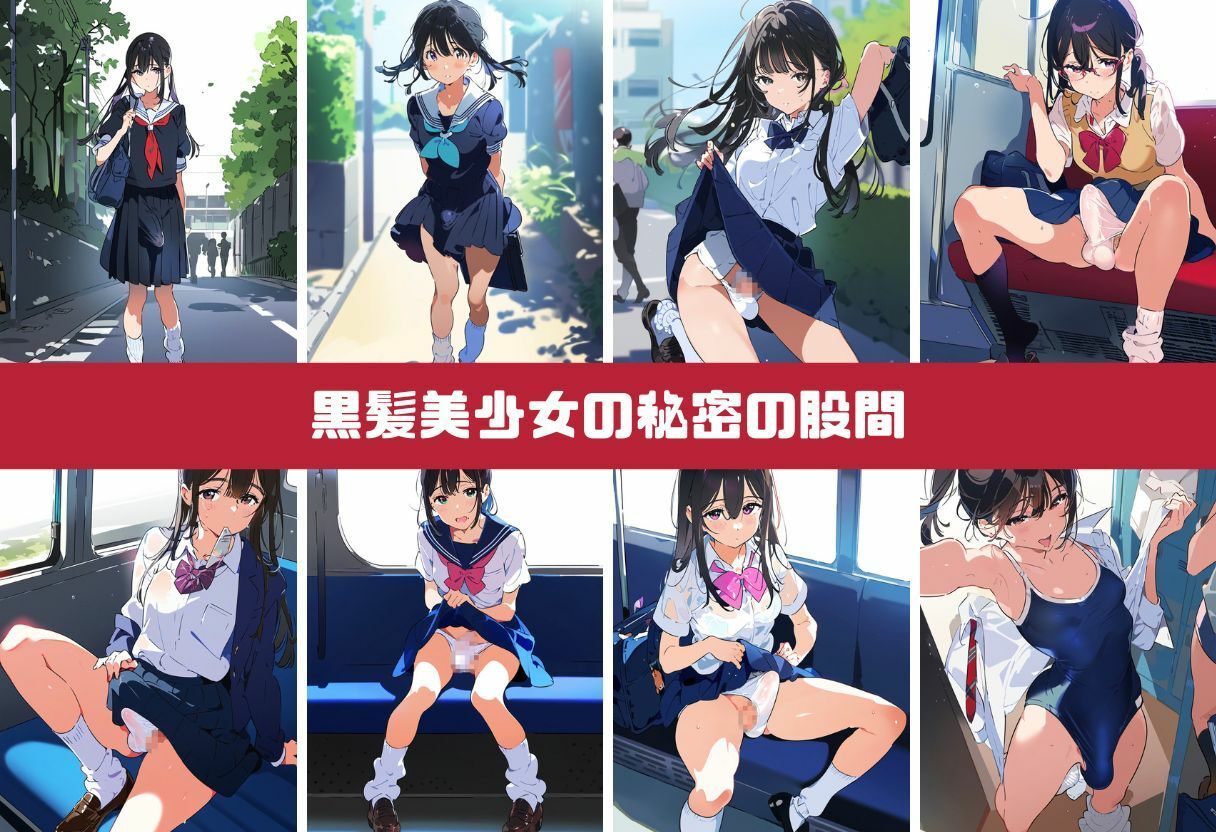 サンプル画像1:清楚な制服ふたなりJKのエッチな勃起と射精（学校・教室・通学・黒髪・着替え・オナニー・照れ）イラスト480枚(絵師たか) [d_393693]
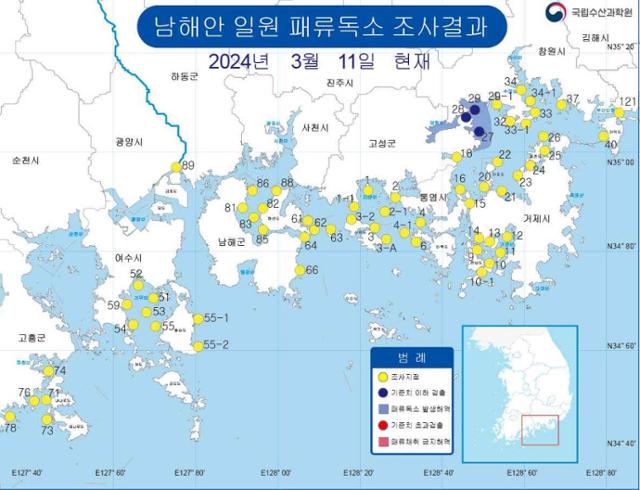 이달 11일 발표된 남해안 일대 마비성 패류독소 조사 결과. 세 곳에서 기준치 이하가 검출됐다. 국립수산과학원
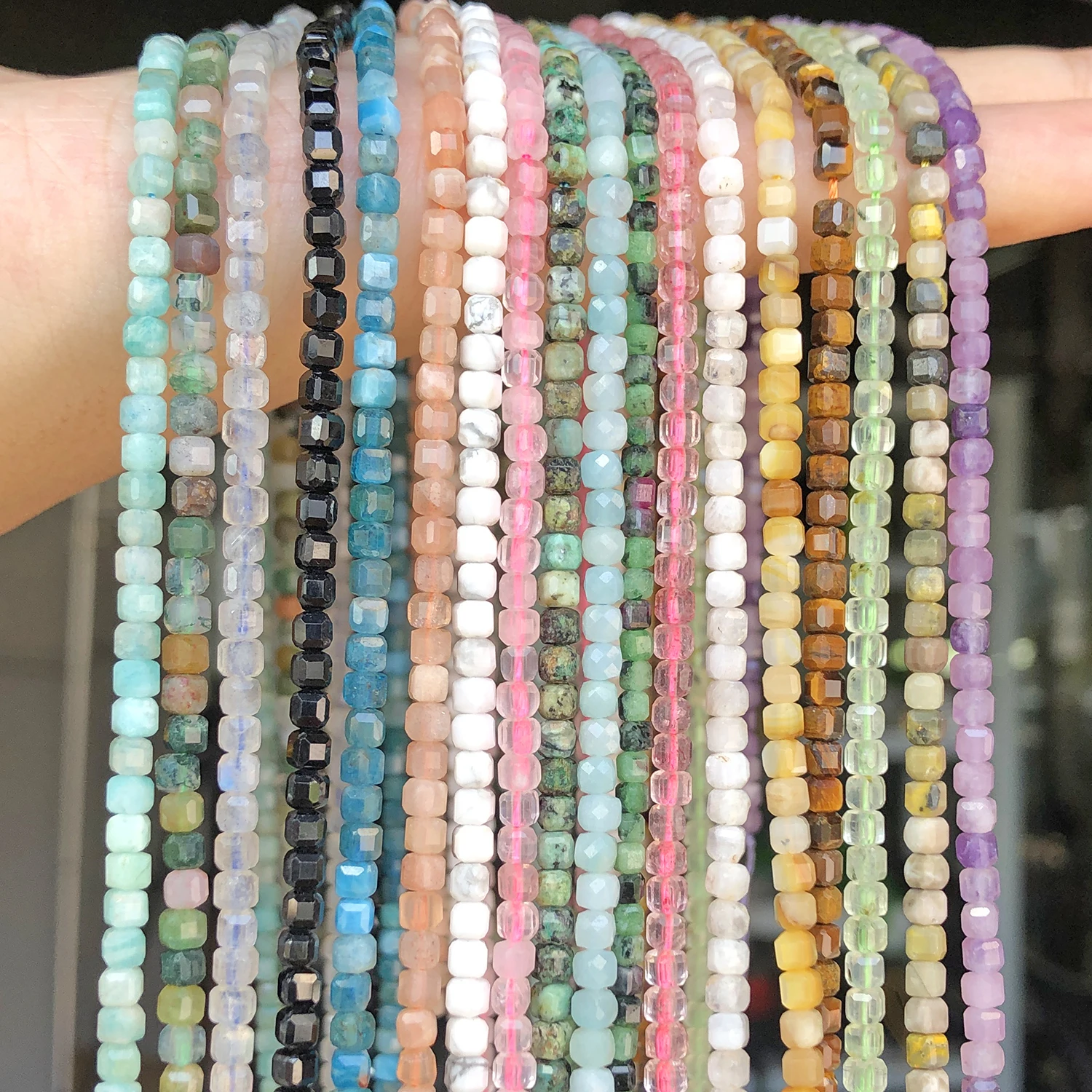 3 مللي متر AAA الأوجه مكعب الحجر الطبيعي الأباتيت الجزع Moonstone جمشت الخرز مربع صغير الخرز لصنع المجوهرات أساور يدوية 15'' #3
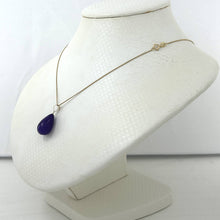 Load image into Gallery viewer, Raindrop Lavender Jade 14k Solid Yellow Gold Pendant Necklace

Work task: Quote in full the listing given above; the images are to be left out.

Task result:
 サンプル画像1:清楚な制服ふたなりJKのエッチな勃起と射精（学校・教室・通学・黒髪・着替え・オナニー・照れ）イラスト480枚(絵師たか) [d_393693]
 이달 11일 발표된 남해안 일대 마비성 패류독소 조사 결과. 세 곳에서 기준치 이하가 검출됐다. 국립수산과학원
 3 مللي متر AAA الأوجه مكعب الحجر الطبيعي الأباتيت الجزع Moonstone جمشت الخرز مربع صغير الخرز لصنع المجوهرات أساور يدوية 15'' #3
 Load image into Gallery viewer, Raindrop Lavender Jade 14k Solid Yellow Gold Pendant Necklace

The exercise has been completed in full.